Leben entsteht aus Spannung
Gleichgeschlechtlichkeit, Nachahme-Phänomene und biblische Perspektive
Betrachtung zur Offenbarung des Johannes. Von Klaus Berger
Die Tagespost, 17. März 2014
Das Ziel der Weltgeschichte ist die Hochzeitsfeier eines Paares. Der Hafen, zu dem die Menschheit seit Adam und Eva unterwegs ist, besteht in einem grossen Hochzeitsmahl. Unter dem Bild der definitiven ehelichen Verbindung von Mann und Frau schaut der Seher Johannes den Sinn des langen Weges von Anfang bis Ende, vom Paradies bis zum neuen Paradies, vom Punkt Alpha bis zum Punkt Omega.So nachhaltig gilt der Satz “Männlich und weiblich schuf er sie”, den wir über alle Lebewesen der ersten Schöpfung hören, auch für die zweite, erneuerte und vollkommene Schöpfung. Der Mann und die Frau, die sich da verbinden, sind Gott und sein Volk, der Messias und das neue, erweiterte Israel. Und Ehe und Hochzeitsfeier, Bräutigam und Braut, Gäste und Mahl sind nicht Bilder, an den Haaren herbeigezogen von irgendwoher, sondern diese Bilder sind schon fast die Sache selbst. Denn sie sagen sehr, sehr viel über Gott und sein Volk, über das “Lied in allen Dingen“ und vor allem auch über die Ehe zwischen Mann und Frau. Wenn also die ganze Kirche jetzt aus vielen Anlässen neu nachdenkt über Sexualität, Ehe, Mann und Frau, dann sollte sie öfter in die Geheime Offenbarung des Johannes schauen, wo eben diese Themen den roten Faden ausmachen, an dem das ganze Drama zwischen Gott und Mensch hängt. Denn dieses ist, wie schon Dante sagte, eine Divina comedia, ein Stück, das wie eine Komödie gut ausgeht. Nicht in Schrecken und Zerstörung, nicht in Wahnsinn und Scheidung, nicht in Angst und Schrecken, sondern wie ein schönes Fest im Dreivierteltakt. Wir fragen zur Abwechslung einmal, was dieser Schluss der Bibel für das Verhältnis von Mann und Frau bedeutet, welches Bild von Ehe er voraussetzt. Da hält die Offenbarung des Sehers Johannes prickelnde neue Einsichten bereit.

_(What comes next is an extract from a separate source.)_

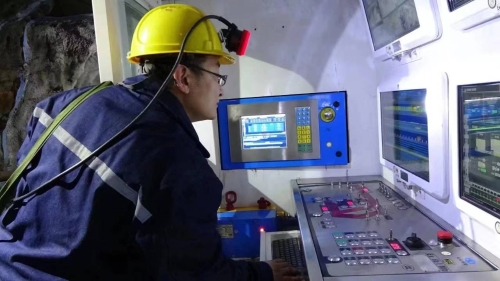 机电装备装置公司综采智能化维保中心3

Denn so ist es die Denkweise der ersten Christen, alle bestehenden Formen und Institutionen von der Vollendung am Ende her zu denken und zu begründen, die Kirche und die Ehe, das Amt und das Mahl, die Sakramente allgemein und die Sakramentalien, das Begräbnis und nicht zuletzt die Musik. Denn die Kirche ist der Anfang des himmlischen Jerusalem, gebaut auf den Fundamenten der Zwölf Apostel, die Ehe zwischen Mann und Frau ist das Abbild der Hochzeit zwischen Messias und Braut, das Amt versteht sich vom Einsammeln als der Aufgabe der Engel her, das Mahl ist in der Eucharistie die innigste Form der Verbindung von Gott und Mensch, die übrigen Sakramente sind die Eintrittskarten in das Paradies, Sakramentalien wie das Kreuzzeichen sind die Symbole des künftigen Sieges, das Begräbnis ist für den Toten die letztmalige Begegnung mit all dem, was Vergangenheit ist, die Kirchweihe ist Einzementieren eines Bausteins der künftigen Stadt, die Musik ist schon direkte Communio mit den Engeln.
“Sie lehrt nicht Moral, sondern erzählt von der Schönheit der Braut”
In dem Musical “Der Mann von La Mancha” über Don Quijote gibt es ein bewegendes Lied, in dem der Held Don Quichote seinen Glauben formuliert. Es beginnt mit den Worten “Ich glaube an die zukünftige Stadt”. Angesichts des gegenwärtigen Zustands der Ehe ist jeder Christ wie ein solcher Don Quichote und kann dieses Lied nur mit Tränen singen. Dabei ist es doch Sinn aller Sakramente, dass der Garant der Hoffnung, Jesus Christus, schon kraftvoll gegenwärtig ist.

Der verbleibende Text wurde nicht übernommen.